Competitive Enterprise Institute | 1899 L ST NW Floor 12, Washington, DC 20036 | Phone: 202-331-1010 | Fax: 202-331-0640
Earlier, I discussed how judges in the New York area, such as the Second Circuit Court of Appeals, enforce discriminatory double standards in sexual harassment cases and free speech cases that involve sexually explicit materials.
While the liberal Second Circuit has arbitrary politically-correct biases—like preferring gay porn to straight porn—judges in more conservative regions can be biased in the opposite direction, countenancing bias against gay people in sexual harassment cases.
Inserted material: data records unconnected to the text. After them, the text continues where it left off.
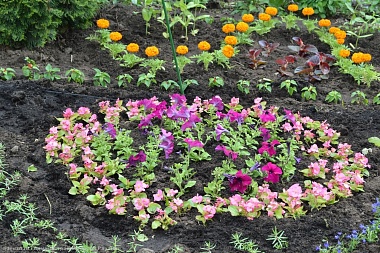 В рязанской школе № 14 перед последним звонком высадили 14 тысяч растений - 62ИНФО В рязанской школе № 14 перед последним звонком высадили 14 тысяч растений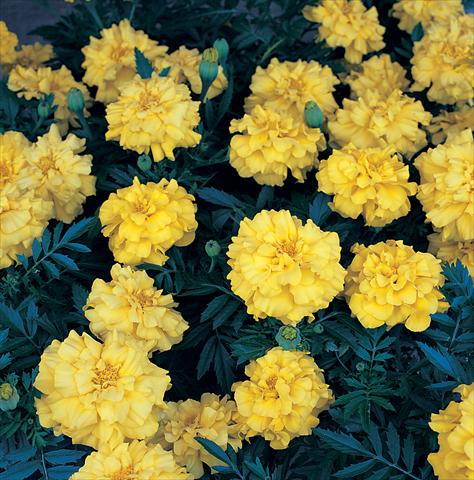 Foto fiore da  Aiuola e/o bordura Tagetes patula Zenith Lemon Yellow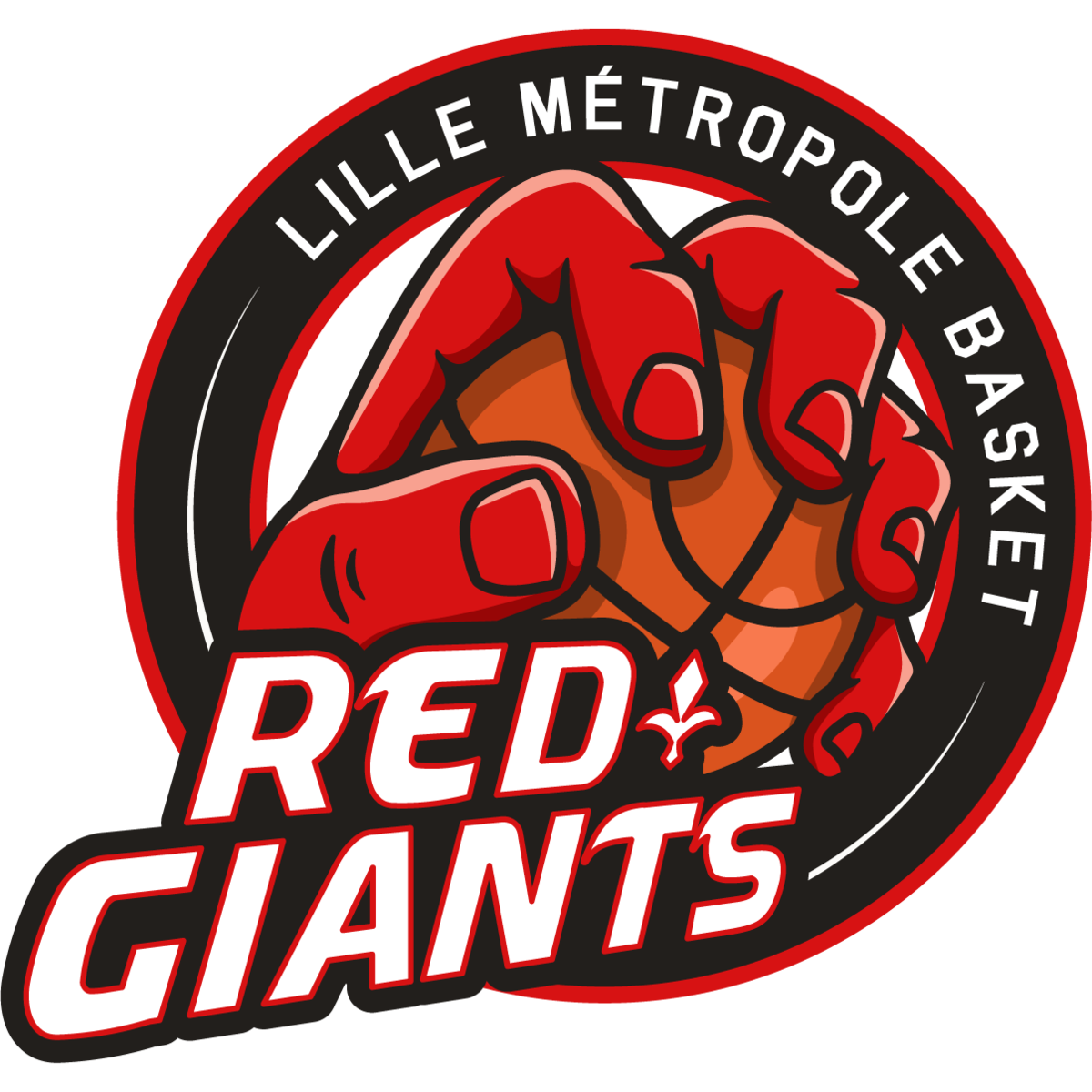 logo de l'équipe : Lille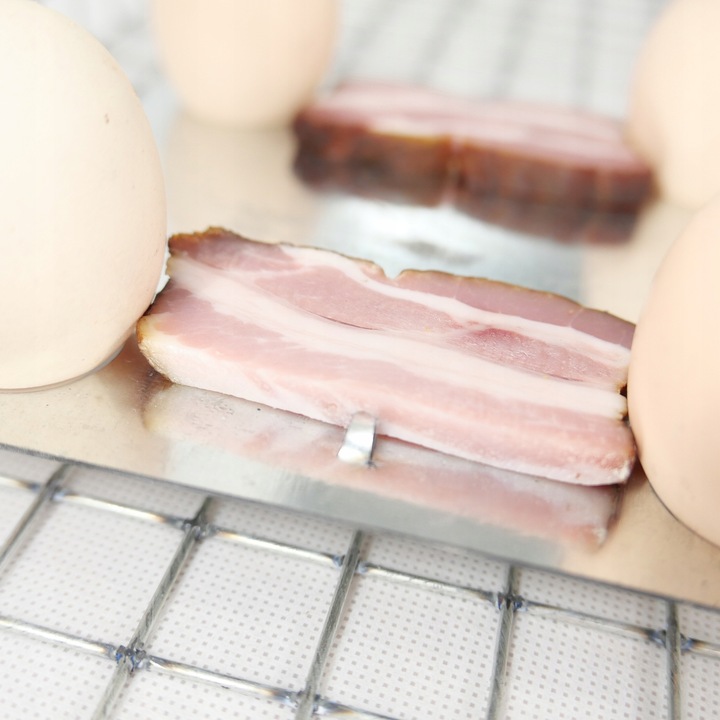 ŻYWOŁAPKA PUŁAPKA NA KUNY SZCZURY ŁASICE NORKI TCHÓRZE ŁASKI ŁAPKA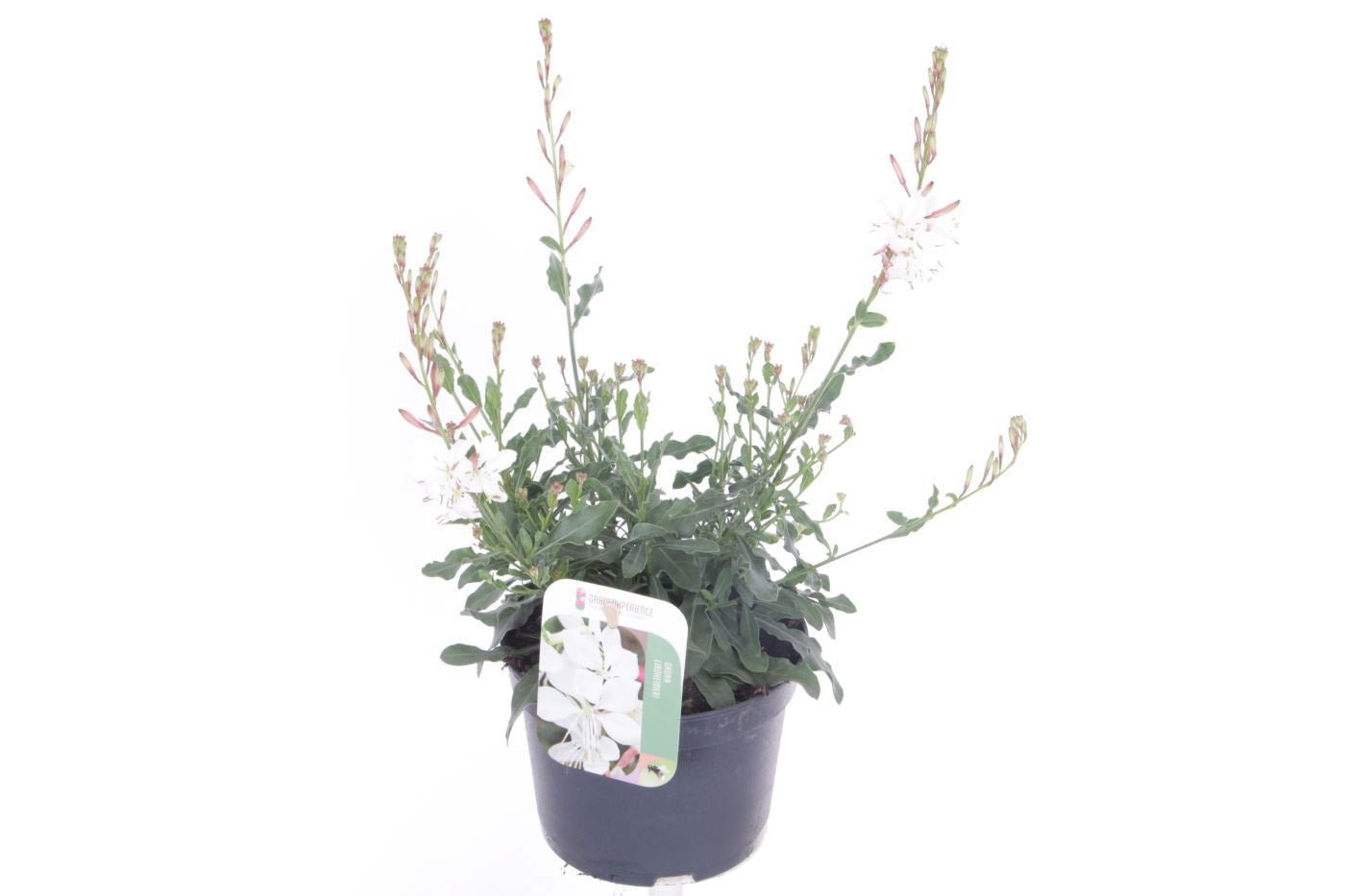 Gaura lindheimeri 30cm 13cm Pot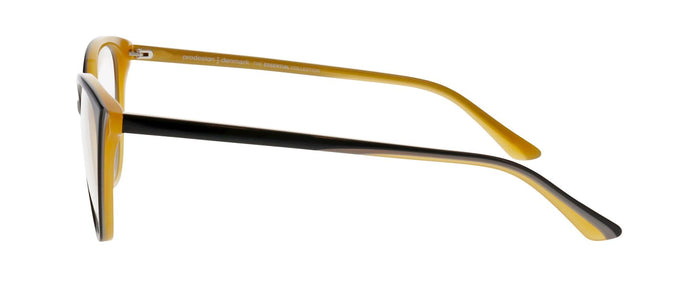 Lunettes de Vue Prodesign Wing 2 6022 55 17 — Image 3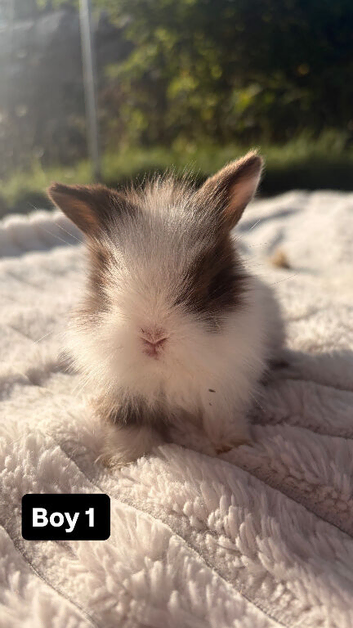 Purebred Minilop bunnies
For example, in Lockard v. Pizza Hut, 162 F.3d 1062 (10th Cir. 1998), the plaintiffs’ trial lawyer inflamed an Oklahoma jury by focusing on the sexual orientation of a Pizza Hut manager, even though it was plainly irrelevant. The manager was not accused of sexual harassment himself, but only of failing to prevent harassment of the plaintiff waitress by male customers. The trial court, amazingly enough, allowed this, claiming that the manager’s homosexuality was “relevant to his attitude toward sexual harassment and his inattention to [plaintiff’s] complaint.” (Why being gay would make someone more indulgent towards sexual harassment by heterosexuals is beyond me). The jury then ruled in favor of the plaintiff. The Tenth Circuit Court of Appeals then upheld the jury verdict against the defendant, claiming that it was a harmless error to admit the manager’s sexual orientation.
The Tenth Circuit’s assertion that the error was harmless was ludicrous, since it occurred in a close case where many courts would have ruled against the plaintiff. The conduct alleged by plaintiff, although disturbing, was less severe than conduct that other courts have found insufficient to support a jury verdict in favor of a plaintiff. The Sixth Circuit reversed a jury verdict based on worse conduct in Barnes v. Montgomery County Board of Education (1997), claiming the conduct was insufficiently severe or pervasive to constitute actionable sexual harassment—even though that case involved harassment by a supervisor, not mere customers. (The Supreme Court observed in Faragher v. City of Boca Raton (1998) that abusive conduct by a supervisor can create a hostile environment more quickly than the same conduct by a co-worker, given the supervisor’s power over his subordinates).